*TASK ITEM*.
Look through the material below and copy exactly the lines from the line with "Elegant Sterling Silver" to the line with "Light Green vector", those two lines included.

*DATA SUPPLIED*.
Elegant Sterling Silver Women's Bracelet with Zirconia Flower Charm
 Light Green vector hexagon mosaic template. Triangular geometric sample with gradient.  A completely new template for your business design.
---
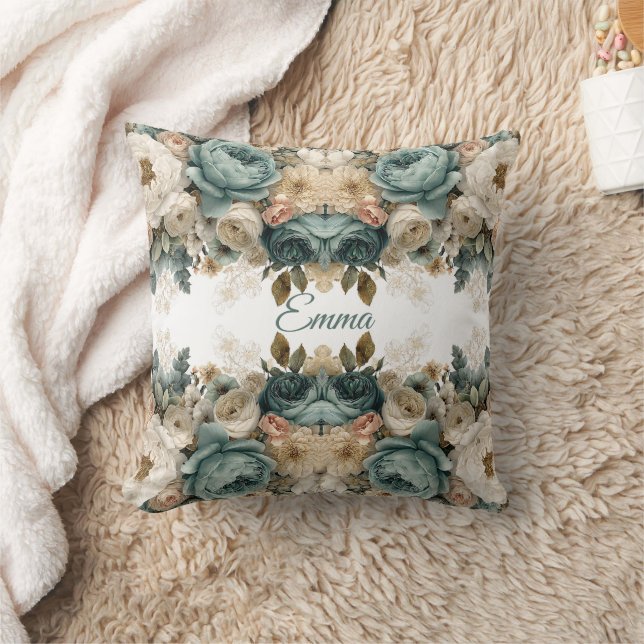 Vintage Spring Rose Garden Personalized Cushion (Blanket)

*EXERCISE OUTPUT*.
Elegant Sterling Silver Women's Bracelet with Zirconia Flower Charm
 Light Green vector hexagon mosaic template. Triangular geometric sample with gradient.  A completely new template for your business design.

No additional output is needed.